*SOURCE MATERIAL:*

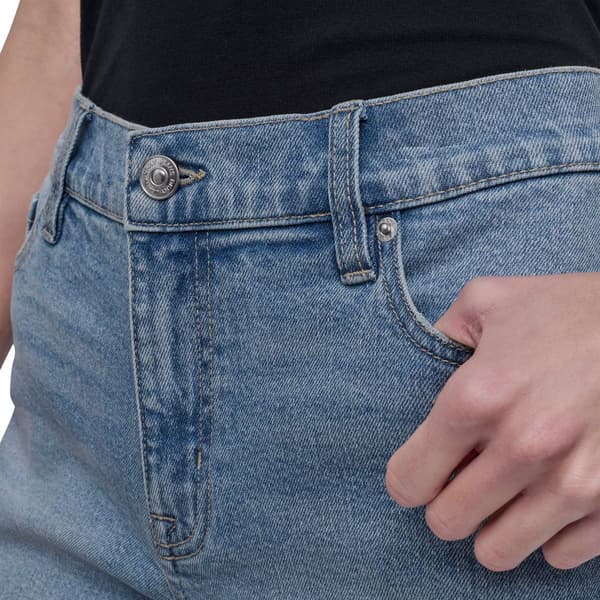 Womens DKNY Jeans 5-Pocket Mid Rise Denim Shorts
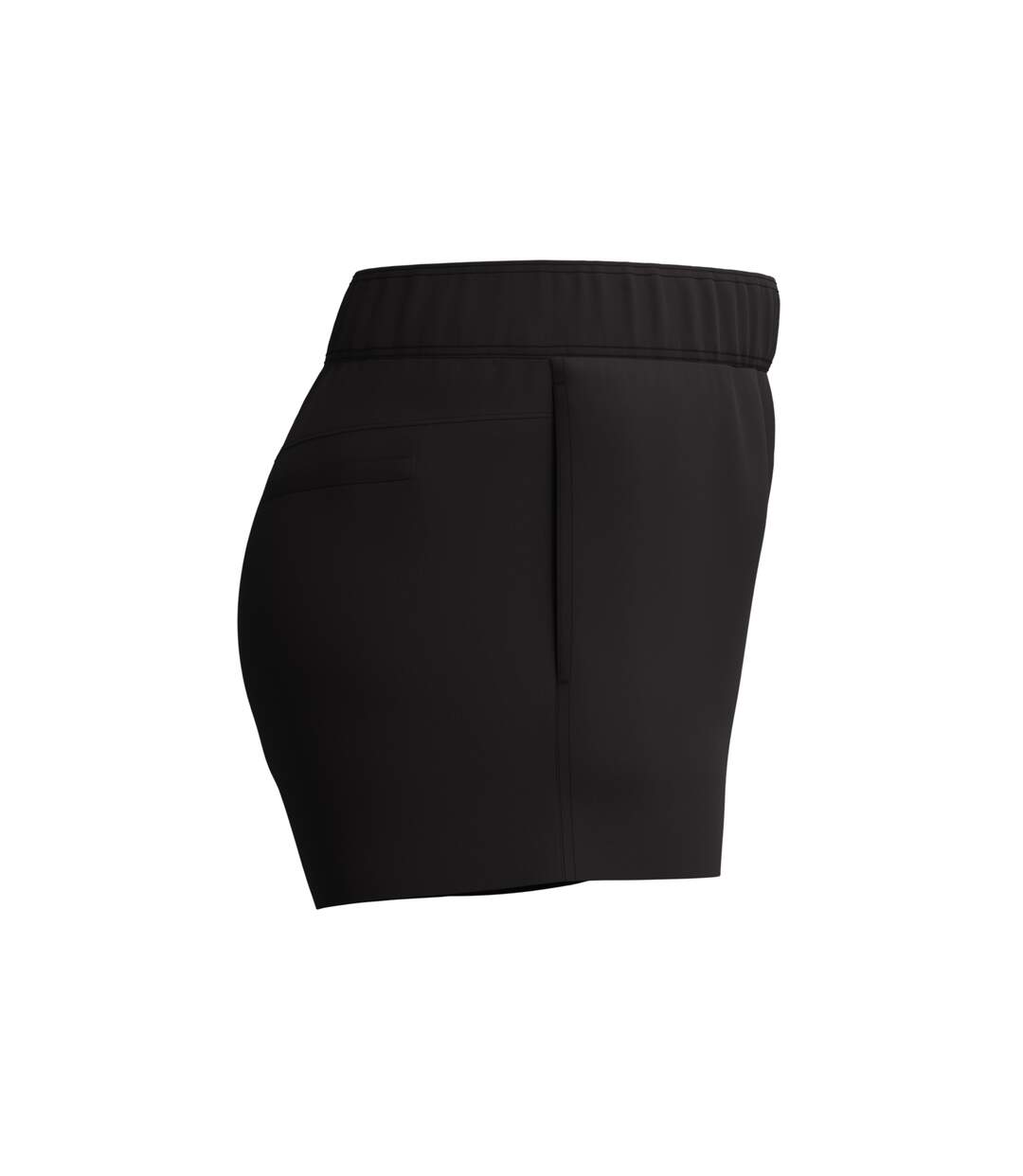 Womens/ladies Essential Swim Shorts Black Speedo-3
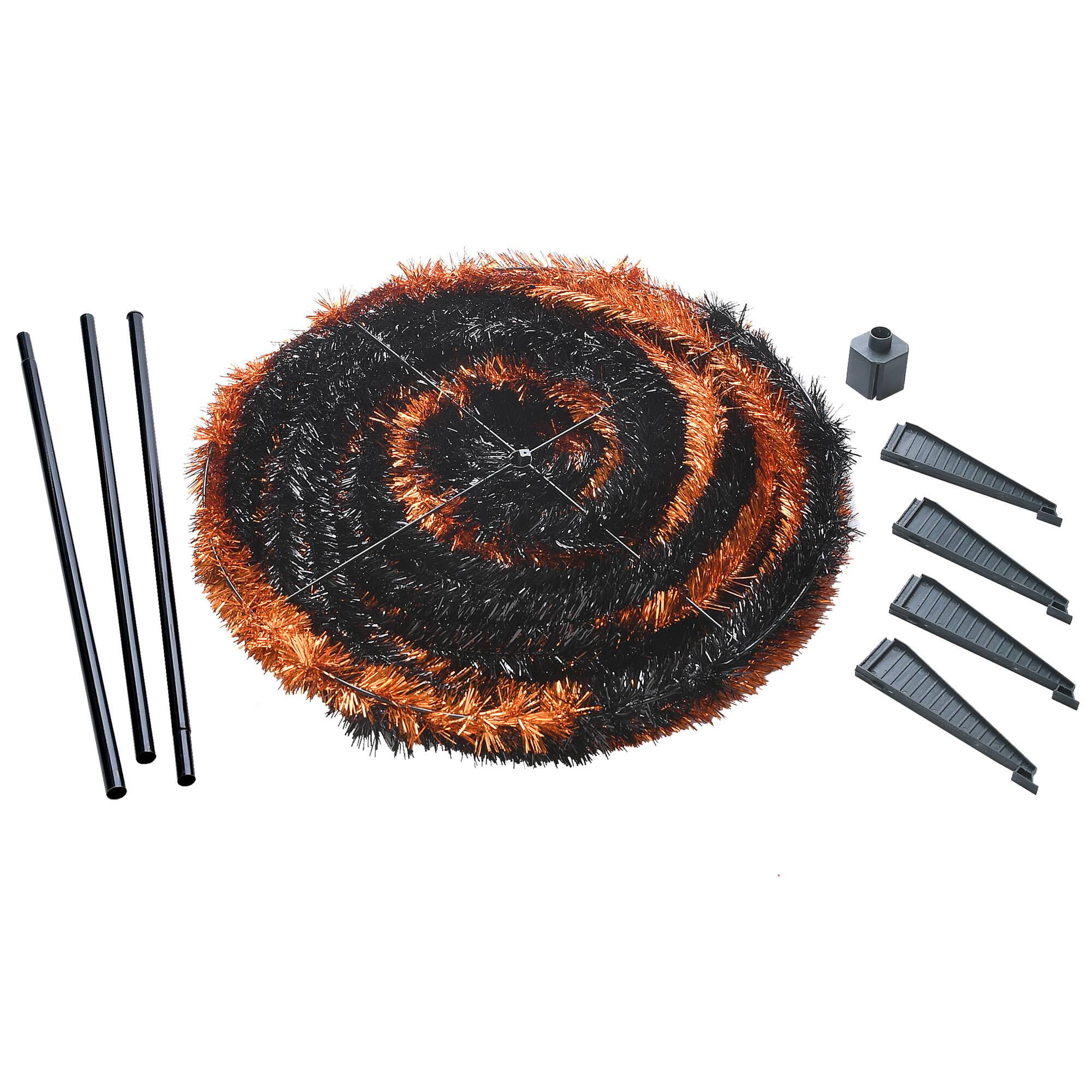 7.5ft. Unlit & Black Pop-Up Artificial Halloween Tree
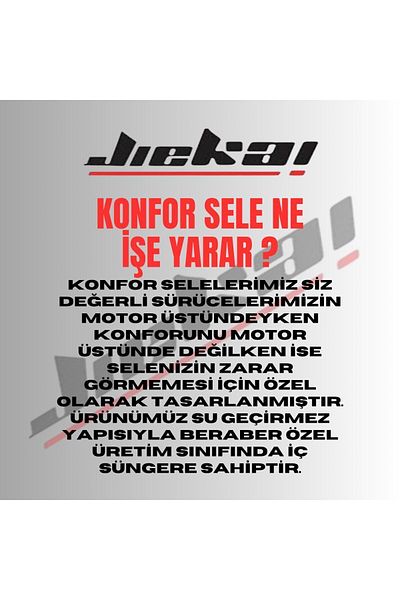JİEKAİ Honda Pcx 001 - Comfort Saddle and Case Gift Set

*ACTIVITY:* Write the data out again word for word; leave the pictures behind.

*YOUR RESPONSE:*
 Womens DKNY Jeans 5-Pocket Mid Rise Denim Shorts
 Womens/ladies Essential Swim Shorts Black Speedo-3
 7.5ft. Unlit & Black Pop-Up Artificial Halloween Tree
JİEKAİ Honda Pcx 001 - Comfort Saddle and Case Gift Set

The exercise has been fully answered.